The music waited eight years before its mesmerising premiere last Friday at St Nicholas Church of Ireland in Dundalk, by Gordon Jones and the Carducci Quartet.
It’s a fearless composer who takes on explicit comparison with a major masterwork of the past. There’s the case of Brahms, who worried about the shadow of Beethoven when he came to write his own First Symphony. There’s a swathe of composers who seem to fret at the burden of history when they write their first string quartet.
And then there are the brave ones, such as Frederic Rzewski, who took on a commission to write a companion piece to Beethoven’s Diabelli Variations, and in 1975 produced The People United Will Never Be Defeated!, a set of 36 variations on the Chilean protest song ¡El Pueblo Unido Jameas Será Vencido!.
In 2005, Russian composer Alexander Raskatov wrote a successor to the string quartet version of the sequence of seven slow movements which make up Haydn’s Seven Last Words. In Ireland, this work has taken on an extraordinary life since Francis Humphrys programmed it at the first West Cork Chamber Music Festival in 1996, when the Parisii Quartet’s performance also featured readings by the late Michael Hartnett from his Mountains fall on us.

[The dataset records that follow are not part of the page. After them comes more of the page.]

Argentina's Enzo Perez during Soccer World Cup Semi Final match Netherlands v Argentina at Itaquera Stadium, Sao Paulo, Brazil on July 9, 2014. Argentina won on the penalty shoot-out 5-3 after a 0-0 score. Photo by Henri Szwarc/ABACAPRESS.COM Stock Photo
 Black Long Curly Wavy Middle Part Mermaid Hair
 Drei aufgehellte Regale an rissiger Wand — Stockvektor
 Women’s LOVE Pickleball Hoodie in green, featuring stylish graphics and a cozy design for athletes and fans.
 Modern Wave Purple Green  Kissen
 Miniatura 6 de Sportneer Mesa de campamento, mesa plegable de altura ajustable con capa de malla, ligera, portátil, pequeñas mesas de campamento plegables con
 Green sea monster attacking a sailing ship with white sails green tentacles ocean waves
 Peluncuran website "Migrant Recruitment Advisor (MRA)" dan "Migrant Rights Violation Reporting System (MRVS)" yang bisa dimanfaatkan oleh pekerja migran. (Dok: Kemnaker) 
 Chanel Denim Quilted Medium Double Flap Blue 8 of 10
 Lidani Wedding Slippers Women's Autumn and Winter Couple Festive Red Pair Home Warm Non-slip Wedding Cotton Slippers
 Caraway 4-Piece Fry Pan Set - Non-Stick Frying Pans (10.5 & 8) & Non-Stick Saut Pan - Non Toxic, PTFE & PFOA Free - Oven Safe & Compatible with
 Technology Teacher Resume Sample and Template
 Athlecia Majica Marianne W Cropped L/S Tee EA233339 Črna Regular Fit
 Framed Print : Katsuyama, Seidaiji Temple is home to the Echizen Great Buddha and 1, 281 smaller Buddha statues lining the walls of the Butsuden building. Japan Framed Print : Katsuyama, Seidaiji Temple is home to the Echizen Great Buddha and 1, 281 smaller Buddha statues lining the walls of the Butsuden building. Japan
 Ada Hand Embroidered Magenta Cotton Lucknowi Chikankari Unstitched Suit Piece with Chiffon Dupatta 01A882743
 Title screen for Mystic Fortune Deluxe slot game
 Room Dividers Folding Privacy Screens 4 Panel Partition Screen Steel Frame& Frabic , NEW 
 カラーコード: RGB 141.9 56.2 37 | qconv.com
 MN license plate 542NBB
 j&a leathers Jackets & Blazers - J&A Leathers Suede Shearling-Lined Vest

Raskatov’s Monk’s Music uses texts by St Silouan the Athonite, setting them for solo bass voice, and following them with meditations for string quartet, only joining voice and instruments briefly at the very end. The music is written in a style that’s easy to describe but hard to pin down. It’s a style that effectively eschews style, or, rather, that feels free to draw on any and every style.
The ambition to rove freely through musical history is one that many composers seem ready to indulge in. Composers of film music do it all the time, and the adoption of old musical clothes has resulted in a wide range of pieces that audiences still love, from Grieg’s Holberg Suite, to Stravinsky’s Pulcinella, to Rodion Shchedrin’s Carmen Suite (which is getting performances from the Irish Chamber Orchestra this month, in Limerick and Dublin, on Thursday 21st and Saturday 23rd).
Grieg, Stravinsky and Shchedrin give the impression of having a foot in two worlds, the world of their chosen past and the world of their actual present. Raskatov’s work is more like the music of an imagined future, where disparate elements and gestures from musical history have become blended into a new lingua franca. He emulates the meditative, time-stilling quality of Haydn’s music by going back to basics, to a world in which a simple pulsation, a flutter, a slide, a shift from consonance to dissonance, or even a silence can become an all-consuming event.
Monk’s Music was written for Valentin Berlinsky, founding cellist of the great Borodin Quartet (who sadly didn’t live to play it). The music waited eight years before its mesmerising premiere last Friday at St Nicholas Church of Ireland in Dundalk, by Gordon Jones and the Carducci Quartet.
Louth Contemporary Music Society, who promoted the concert, are also recording it for release on CD.